For the third time in less than a month, Law Director Don Icsman had to stop city commissioners from committing ethical violations.
On Friday morning, at least two commissioners planned to attend a meeting at Sandusky International about waterfront economic development.
At least two other commissioners planned to attend a similar meeting Tuesday, also at Sandusky International.
But according to Sunshine Laws, four commissioners -- a majority of the commission -- cannot attend the same unofficial meeting.
Icsman, the city's law director, said the law also specifies that two commissioners cannot attend one meeting while two others attend a separate meeting if both meetings are about the same topic.

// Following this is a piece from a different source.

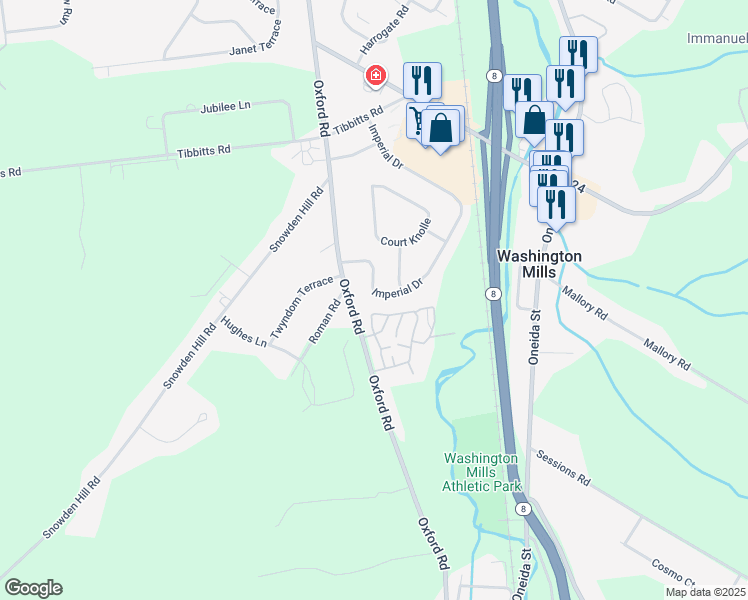 map of restaurants, bars, coffee shops, grocery stores, and more near 3841 Oxford Road in New Hartford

"The Sunshine Book is very clear," Icsman said. "You can't do these serial, round-robin types of meeting. You just can't have meetings about city business like that."
The controversy began when Ed Ryan, CEO of Sandusky International, contacted ex officio mayor Craig Stahl about the meetings earlier this week.
Stahl said he would attend Friday's meeting but wanted all the commissioners invited.
On Friday morning, city commissioner Dan Kaman, who was invited by a Sandusky International representative only after he learned about the meeting from a resident, e-mailed Icsman. Kaman questioned whether the meetings were legal. Icsman shared his concerns.
Stahl, who was already having reservations about the meeting after discussing it with Kaman on Thursday afternoon, arrived shortly thereafter at Icsman's office.
Icsman told Stahl he couldn't attend the meeting, and called commissioner Pervis Brown and told him the same thing.
"I know you're not supposed to poll commissioners, so that's why I contacted (Icsman)," Kaman said Friday. "We all know we should run these things through Don. You have to do things open and transparent."
For his part, Stahl said he only thought four commissioners couldn't be at one meeting. He didn't know about sending less than four to two separate meetings.
He said he was just trying to be available for a local business.
"In today's environment, if a business wants to talk, I think we should listen," Stahl said Friday. "That's all I was doing. I will tell you there was no bad intentions on anyone's part."
Since the city didn't actually violate any law because the meetings did not take place, some officials downplayed the incident. But Kaman said it's part of a disturbing trend.
Last month, commissioner Bob Warner tried to have a meeting with Schirmer Construction to lobby for local jobs on the Hayes Avenue underpass project.
But the meeting was scheduled to occur before the commission officially selected Schirmer, so Icsman told Warner it was unethical.
The commission also violated Sunshine Laws when it failed to take minutes at two off-week work sessions. Stahl took full responsibility, saying it was a simple oversight. But Icsman told the commission it can't happen again.
"This is just another foiled illegal meeting," Kaman said. "Stahl and Warner have tried, but they're illegal. You can't keep doing this."